* Problem requirements
Could you restate word for word every line from the one containing "2026 Toyota C-HR - Image 2" to the end of the data below, pictures excluded?

* Supplied records
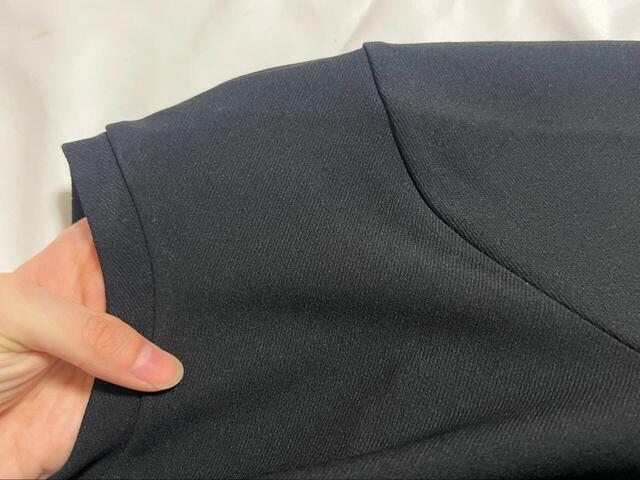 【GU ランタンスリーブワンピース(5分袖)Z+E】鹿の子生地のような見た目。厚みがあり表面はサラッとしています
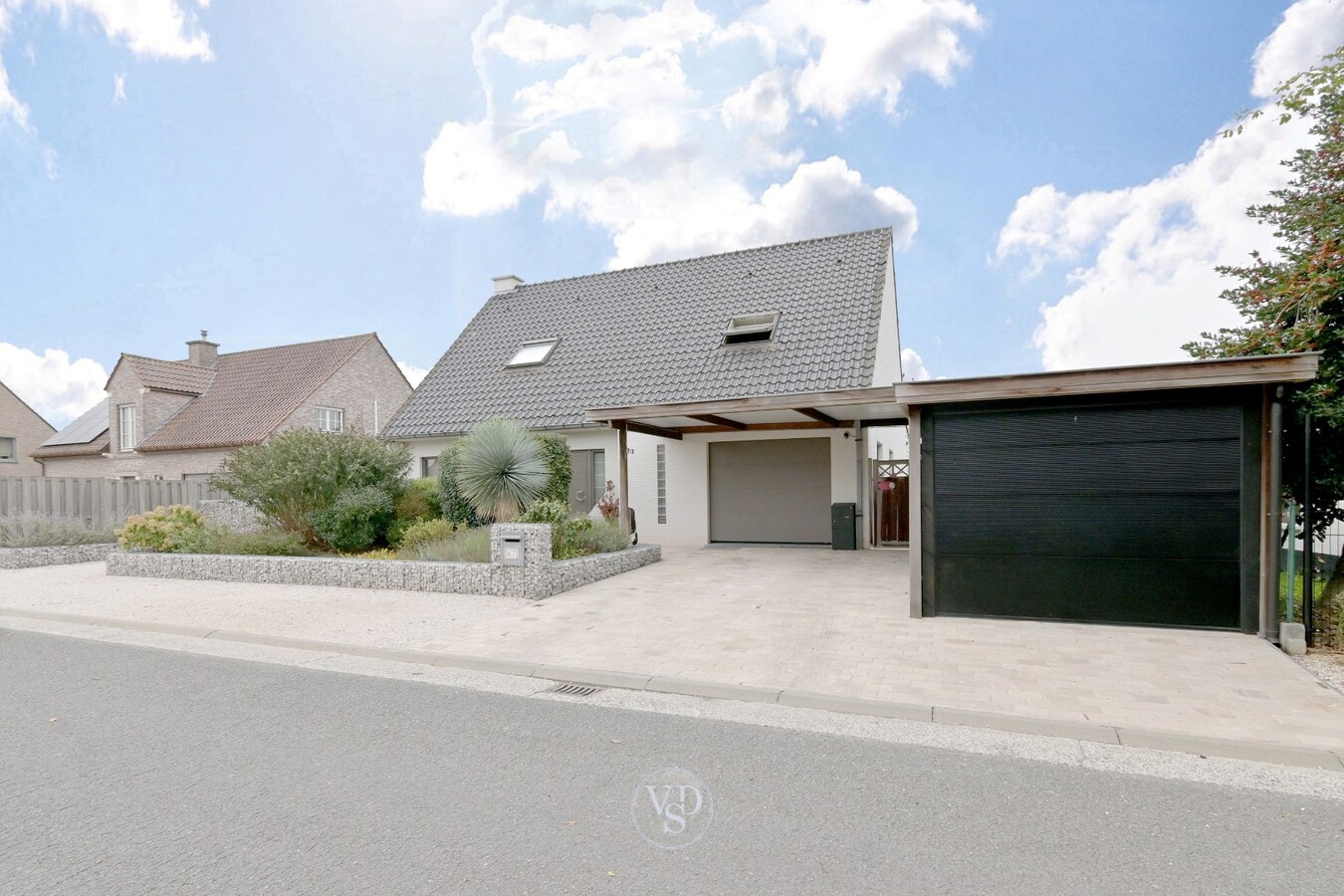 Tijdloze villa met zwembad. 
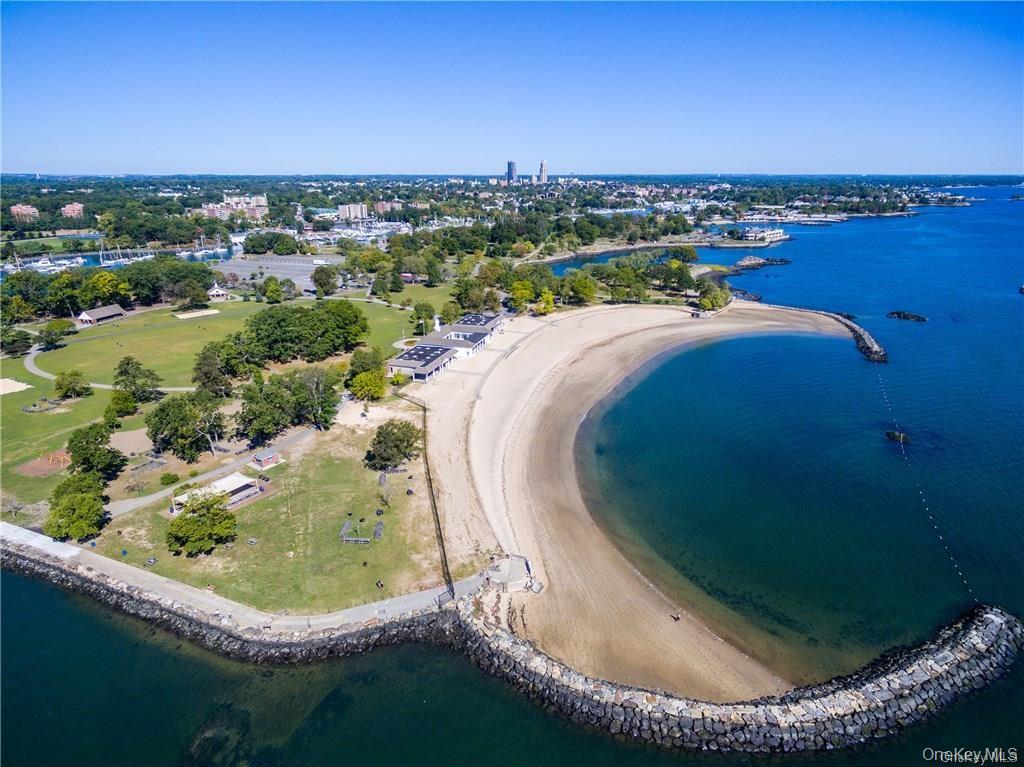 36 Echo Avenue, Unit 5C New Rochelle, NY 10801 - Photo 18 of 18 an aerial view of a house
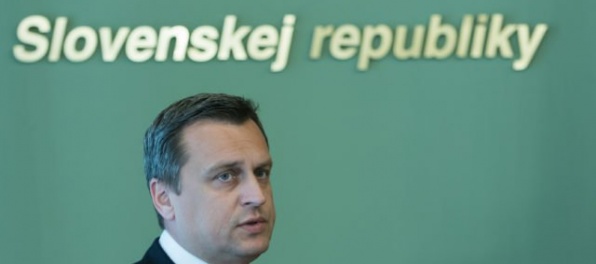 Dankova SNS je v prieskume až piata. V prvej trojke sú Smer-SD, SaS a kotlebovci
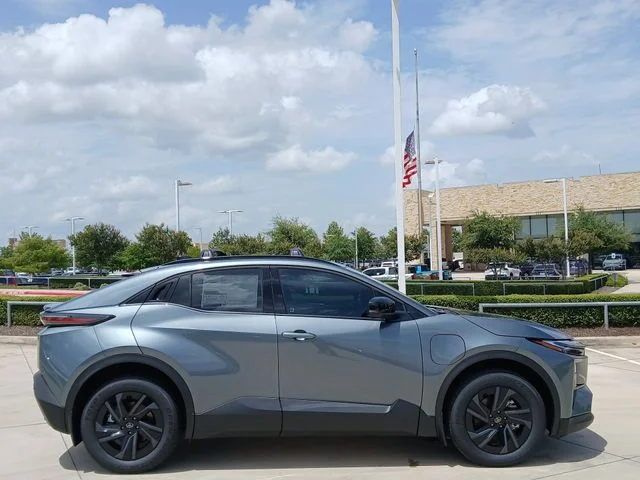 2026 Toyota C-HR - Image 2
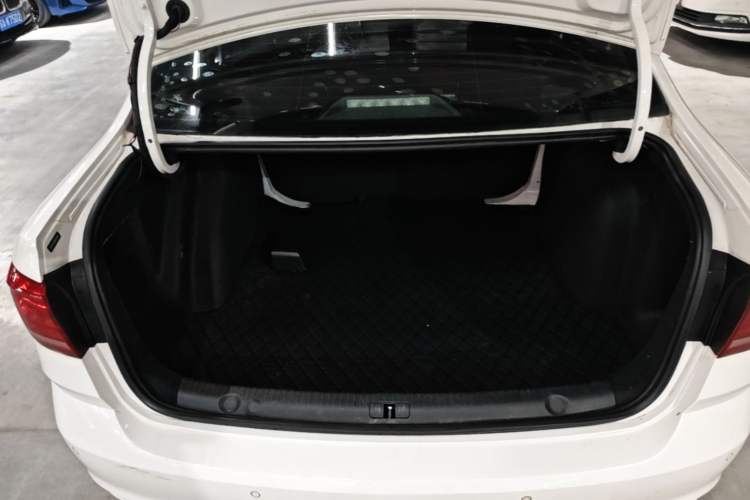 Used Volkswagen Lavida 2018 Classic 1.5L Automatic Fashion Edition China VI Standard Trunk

* Result of this exercise
 2026 Toyota C-HR - Image 2
 Used Volkswagen Lavida 2018 Classic 1.5L Automatic Fashion Edition China VI Standard Trunk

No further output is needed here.